The idea that regimes, not just organizations, must be held responsible may seem obvious. Indeed, Bush has stated that the US will “make no distinction between the terrorists who committed these act and those who harbor them.” But even before the rubble has ceased to smolder doubts are being expressed.
In its editorial on the attack, The New York Times mused that “this is an age when even revenge is complicated, when it is hard to match the desire for retribution with the need for certainty.” What retribution? What need for certainty?

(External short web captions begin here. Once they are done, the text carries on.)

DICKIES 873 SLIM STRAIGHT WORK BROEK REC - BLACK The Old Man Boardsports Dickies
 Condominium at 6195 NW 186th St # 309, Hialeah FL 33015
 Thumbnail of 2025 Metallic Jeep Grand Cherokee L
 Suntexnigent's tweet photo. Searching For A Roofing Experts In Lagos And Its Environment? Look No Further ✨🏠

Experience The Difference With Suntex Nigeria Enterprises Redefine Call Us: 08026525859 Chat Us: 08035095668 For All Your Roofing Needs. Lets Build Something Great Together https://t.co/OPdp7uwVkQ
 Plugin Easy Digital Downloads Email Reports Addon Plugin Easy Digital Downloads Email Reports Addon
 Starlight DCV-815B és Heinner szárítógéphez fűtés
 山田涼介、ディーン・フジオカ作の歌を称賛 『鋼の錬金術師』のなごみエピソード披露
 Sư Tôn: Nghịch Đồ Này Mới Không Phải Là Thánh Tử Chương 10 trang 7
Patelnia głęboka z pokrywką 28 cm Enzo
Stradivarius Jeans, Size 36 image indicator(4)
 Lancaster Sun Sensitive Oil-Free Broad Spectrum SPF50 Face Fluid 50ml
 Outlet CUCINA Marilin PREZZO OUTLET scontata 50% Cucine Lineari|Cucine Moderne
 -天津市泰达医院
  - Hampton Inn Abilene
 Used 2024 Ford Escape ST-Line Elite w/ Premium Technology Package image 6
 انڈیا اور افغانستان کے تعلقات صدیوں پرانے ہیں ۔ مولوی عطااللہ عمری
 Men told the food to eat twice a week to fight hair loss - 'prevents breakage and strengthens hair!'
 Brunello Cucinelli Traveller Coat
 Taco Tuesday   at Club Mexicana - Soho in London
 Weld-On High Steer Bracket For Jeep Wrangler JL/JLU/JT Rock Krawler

To talk about retribution and certainty is to act as if the task after Pearl Harbor was to prove which unit had attacked America and to punish that unit – rather than to defeat and replace the governments of Japan, Germany, and Italy.
In a second editorial, the Times argued that “part of the challenge for the United States is to recognize that the roots of terrorism lie in economic and political problems in large parts of the world.” This is errant nonsense.
As Michael Kelly points out in The Washington Post, “The whole world was stolen from somebody, most of it repeatedly; there are claims and counterclaims and counter-counterclaims for every inch of the planet that is desirable and for much that is not.” If poverty, corruption, tyranny, suffering, ethnic conflict, and territorial disputes were the sources of terrorism, sub-Saharan Africa would be terror center of the world.
To “recognize the roots” of terrorism is to harbor the notion that terrorism can be justified. Worse, it directly fulfills the goal of terrorism, which is to blackmail the world into addressing “grievances.” The obstacles to addressing real suffering are the regimes that are behind terrorism, which not coincidentally oppress and impoverish their own people.
For the free world, the war against terrorism cannot be limited to punishment, retribution, or sending signals. Those who sent the terrorists to attack America would be only too pleased to absorb a less than tit-for-tat cruise missile attack in response.
The free world must recognize that is in a war of self-defense whose goal is victory. The concept of a war against terrorism is meaningless without the goal of removing terrorist regimes. The exact combination of diplomatic, economic, and military tools to be deployed toward this goal is a legitimate matter of debate. But a war against terrorism that avoids the issue of regime change in countries such as Iraq, Iran, and Afghanistan cannot be won, because it has not even really been joined.